Procedural Background
On October 26, 2010, in the Connecticut Superior Court for the Judicial District of Tolland,
a jury found Mr. Moore guilty of one count of robbery in the first degree in violation of Conn. Gen.
Stat. § 53a-134(a)(4) and one count of use of a firearm during a felony in violation of Conn. Gen.
Stat. § 53-202k. See State v. Moore, Case No. TTD-CR-09-0094990-T; Am. Pet. Writ of Habeas
Corpus at 2-3, ECF No. 8. A judge subsequently determined that Mr. Moore had committed the
two offenses for which he had been found guilty, while he was on release on bond in violation of
Conn. Gen. Stat. § 53a-40b. See State v. Moore, 141 Conn. App. 814, 815, 817, 64 A.3d 787, 788,
789 (2013). Mr. Moore also pleaded guilty to being a persistent felony offender in violation of
Conn. Gen. Stat. § 53a-40(f). See Moore, 141 Conn. App. at 818, 64 A.3d at 789. On December
14, 2010, a judge imposed a total effective sentence of thirty-four years of imprisonment. See id.;
Am. Pet. Writ of Habeas Corpus at 2, ECF No. 8.
On appeal, Mr. Moore challenged his convictions on two grounds. He argued that the trial
judge erred in denying his motion for judgment of acquittal on the ground of insufficient evidence
and that his sentence enhancement violated Apprendi v. New Jersey, 530 U.S. 466 (2000). See
Moore, 141 Conn. App. at 816, 64 A.3d at 788. On April 9, 2013, the Connecticut Appellate Court
affirmed the judgment of conviction. See id. at 825, 64 A.3d at 793. On June 20, 2013, the
Connecticut Supreme Court denied the petition for certification for appeal to review the decision of
the appellate court. See State v. Moore, 309 Conn. 908, 68 A.3d 663 (2013).
At some point after he was sentenced in state court, Mr. Moore filed a petition for sentence
review.1 On February 25, 2014, the Sentence Review Division affirmed Mr. Moore’s sentence. See
State v. Moore, No. TTDCR0994904, 2014 WL 1193431 (Conn. Super. Ct. Feb. 25, 2014).

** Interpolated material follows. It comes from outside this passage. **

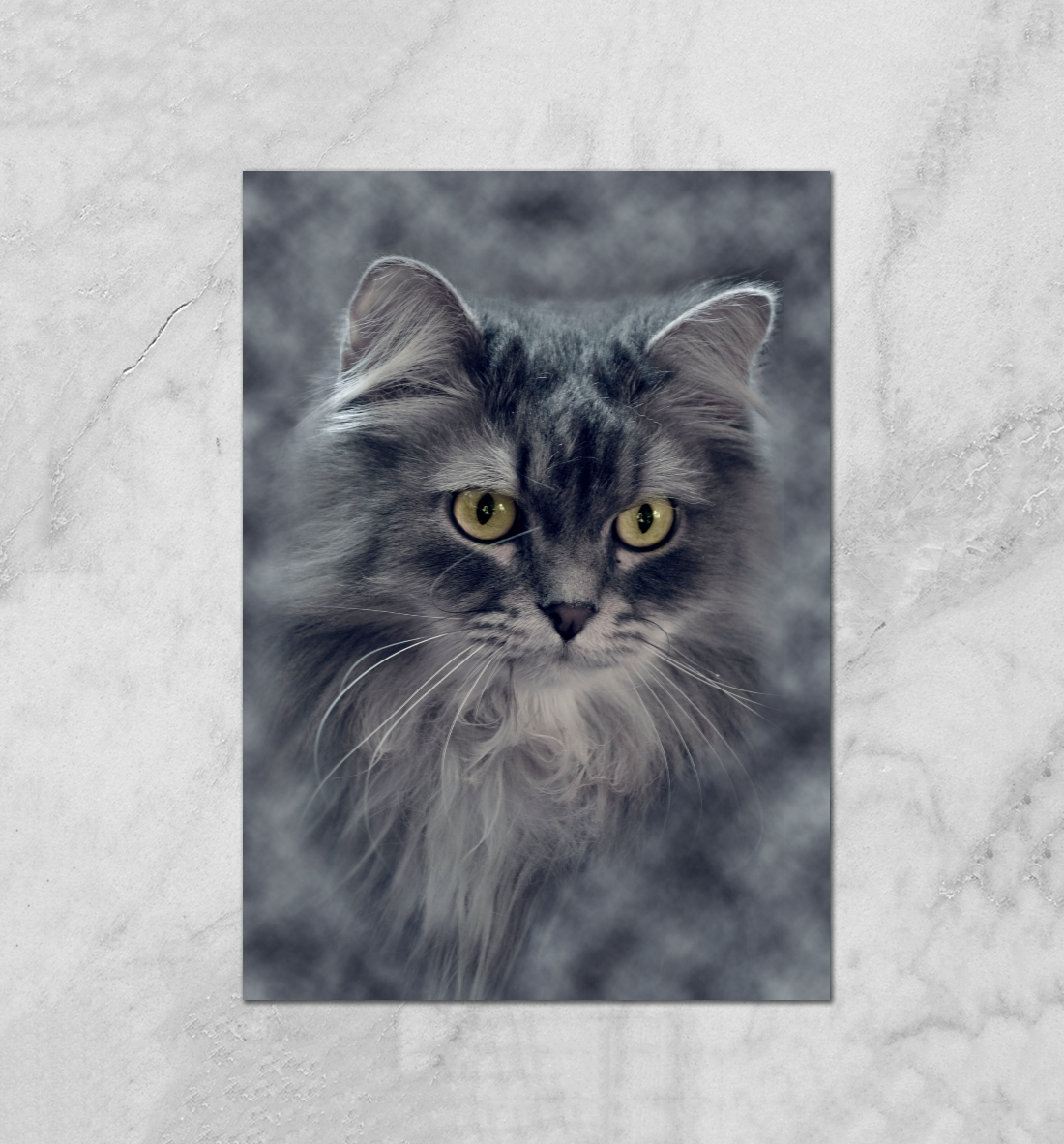 

Котик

Mr. Moore also states that he filed multiple state habeas petitions and includes three
different state court docket numbers for cases filed in 2014. See Am. Pet. Writ of Habeas Corpus at
5-7, ECF No. 8 (citing Case Nos. CV-14-4006224, CV14-4003025, TCR-CV-14-4006521). He
indicates that he is still awaiting the outcome of these petitions. See id.
1
As a matter of Connecticut procedure, the Sentence Review Division is empowered to determine whether the sentence
imposed “should be modified because it is inappropriate or disproportionate in [ ] light of the nature of the offense, the
character of the offender, the protection of the public interest and the deterrent, rehabilitative, isolative and denunciatory
purposes for which the sentence was intended.” State v. Moore, No. TTDCR0994904, 2014 WL 1193431, at *1 (Conn.
2
II.
Standard of Review
A prerequisite to habeas corpus relief under 28 U.S.C. § 2254 is the exhaustion of available
state remedies. See O’Sullivan v. Boerckel, 526 U.S. 838, 842 (1999); 28 U.S.C. § 2254(b)(1)(A).
The exhaustion requirement seeks to promote considerations of comity between the federal and
state judicial systems. See Coleman v. Thompson, 501 U.S. 722, 731 (1991).

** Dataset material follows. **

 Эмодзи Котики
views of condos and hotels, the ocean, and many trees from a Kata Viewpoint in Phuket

To satisfy the exhaustion requirement, a petitioner must present the essential factual and
legal bases of his federal claim to each appropriate state court, including the highest state court
capable of reviewing it, in order to give state courts a full and fair “opportunity to pass upon and
correct alleged violations of its prisoners’ federal rights.” Duncan v. Henry, 513 U.S. 364, 365
(1995) (per curiam) (internal quotation marks and citation omitted). A federal claim has been
“fairly present[ed] in each appropriate state court (including a state supreme court with powers of
discretionary review)” if it “alert[s] that court to the federal nature of the claim.” Baldwin v. Reese,
541 U.S. 27, 29 (2004) (internal quotation marks and citation omitted). A petitioner “does not fairly
present a claim to a state court if that court must read beyond a petition or a brief . . . that does not
alert it to the presence of a federal claim in order to find material . . . that does so.” Id. at 32.
Failure to exhaust may be excused only where “there is no opportunity to obtain redress in
state court or if the corrective process is so clearly deficient to render futile any effort to obtain
relief.” Duckworth v. Serrano, 454 U.S. 1, 3 (1981) (per curiam). A petitioner cannot, however,
simply wait until state appellate remedies no longer are available and argue that the claim is
exhausted. See Galdamez v. Keane, 394 F.3d 68, 73-74 (2d Cir.), cert. denied, 544 U.S. 1025
(2005).
Super. Ct. Feb. 25, 2014) (citing Connecticut Practice Book3 43-23 et seq.) (internal quotation marks omitted).
§
III.
Discussion
In this case, Mr. Moore raises one ground for relief. He states that he asked his trial attorney
to file motions seeking finger print and DNA evidence, but counsel refused to the file the motions.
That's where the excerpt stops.